January 27, 2020 at 10:22:24 AM EST   By Mike Russiello

They both win through long-term thinking.

In both casinos and hiring processes, a probabilistic process has been set up to favor the organization by at least a small amount. Over time that slight edge produces significant profit.

Roulette WheelLet's start with the casino. As we all know, casinos and other gambling venues exist because gamblers who are feeling lucky believe there is ample opportunity for them to win, and sometimes win big. People are not stupid, and they know the long-term odds are not in their favor inside a casino. However, we humans are of course optimists (at least in general). This means we feel lucky much of the time, and feeling lucky means we think we can beat the odds. So we head to casinos and take our chances.

Of course, people feeling lucky will try to beat the odds when the odds are only ‘slightly' against them. So that's how the odds are all set up. You can't make the odds too one-sided, because no one will participate.

There is, of course, one very familiar exception to that rule: lotteries. In a lottery, the odds are strongly stacked against the participant. However, the potential payout is so ridiculously high that people think it's still worth taking a chance, since they only have to get lucky once. People also know that in a lottery at least one person is going to get lucky - there is always a winner - so why not them?

So, back to casinos for a moment. In order to induce people to take their chances, casinos set up odds that are slightly in their favor. For example, if a gambler follows the perfect betting strategy at Blackjack, the house edge is only 0.5% - those are odds of 50.5 to 49.5 - which are very slight indeed. In case you are wondering, the odds for other games are:

Blackjack: 0.5%
Craps: 0.8%
Baccarat: 1.06%
Roulette: 5.26%
Slots: 17%
Keno: 25%
(https://www.investopedia.com/articles/personal-finance/110415/why-does-house-always-win-look-casino-profitability.asp)

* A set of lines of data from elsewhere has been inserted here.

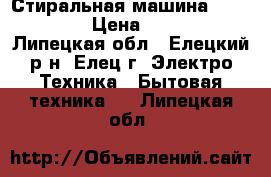 Стиральная машина electrolux › Цена ­ 12 000 - Липецкая обл., Елецкий р-н, Елец г. Электро-Техника » Бытовая техника   . Липецкая обл.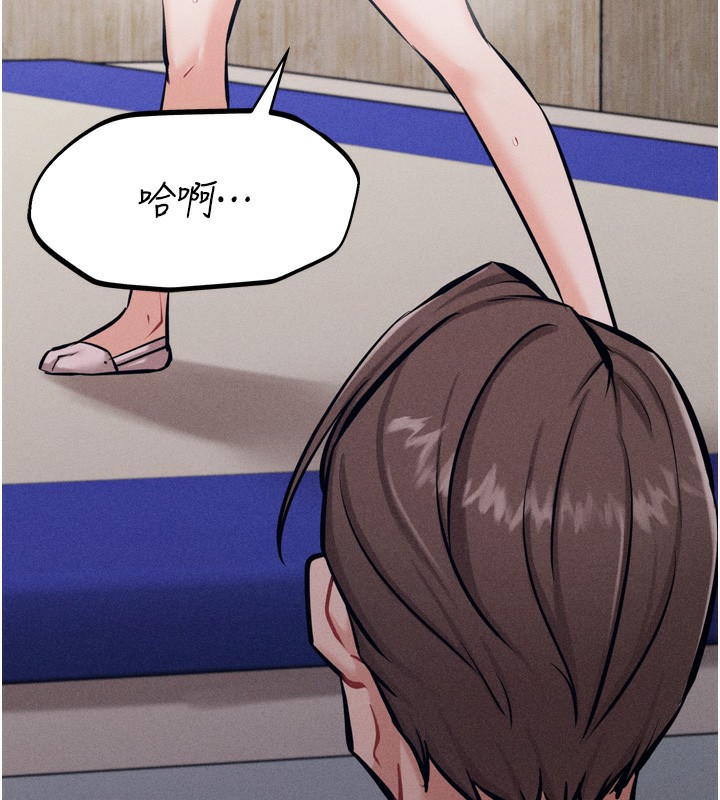 [韩国漫画] 选手村_母猪调教 剧情,OL#[229P]-153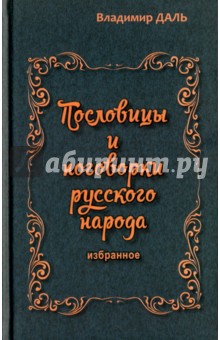 

Пословицы и поговорки русского народа. Избранное
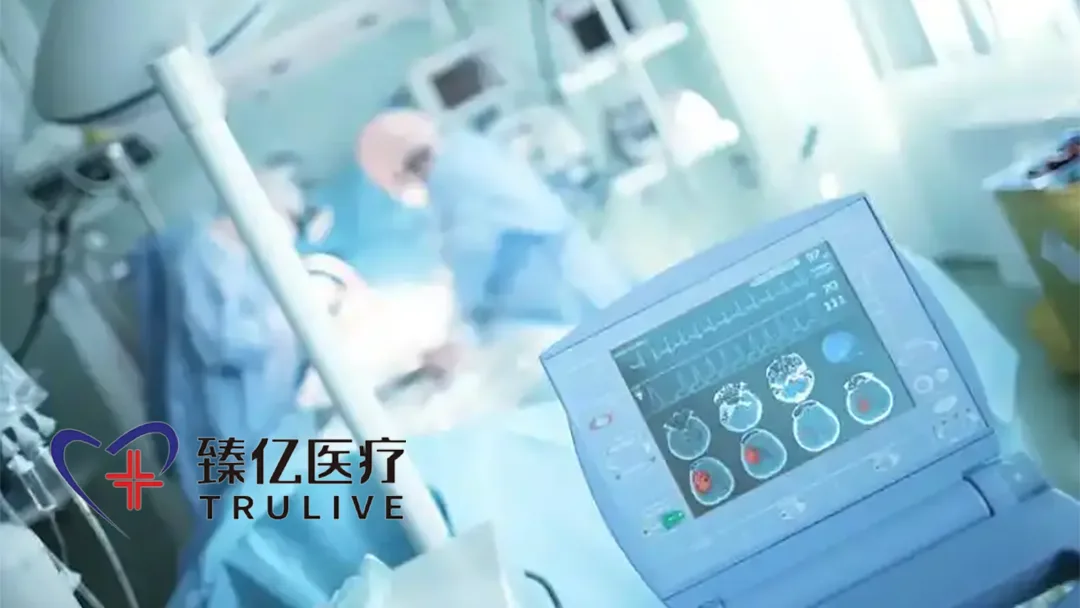 Trulive Medical Closes Series C, Raising Over RMB 100M for Cardiovascular Innovation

Looking at the above, I guess that's a reason why there are so many slot machines on the floor of any casino. At least try roulette, all you slot-loving people!

Next, let's consider hiring processes. Certainly, we all want the odds as high as possible for hiring high-performing new employees. We don't need a slight edge. We want as large an edge as possible. You may think this means that a hiring process can produce odds much higher than 50:50. However, this is not as easy as you may think.

Study after study shows that hiring is a tricky business. By employing basic principles you can raise your chances of making a good hire to above 50:50, but not as high as you might think. People fail in jobs for many different reasons - some of which cannot be predicted.

Let's consider some numbers to illustrate my point. When psychologists evaluate a selection process, they like to talk about validity. This is typically expressed in numerical terms as a correlation of selection scores with actual performance. Like correlation, computed validity values can range between -1 and +1, though only positive values contribute to better hiring decisions. Many many studies have been performed to estimate the relative validity of different types of hiring activities. For instance, unstructured employment interviews generally have a validity around 0.2. Personality assessments usually have a validity below 0.1. Other types of assessments, such as cognitive testing, can have a validity as high as 0.4.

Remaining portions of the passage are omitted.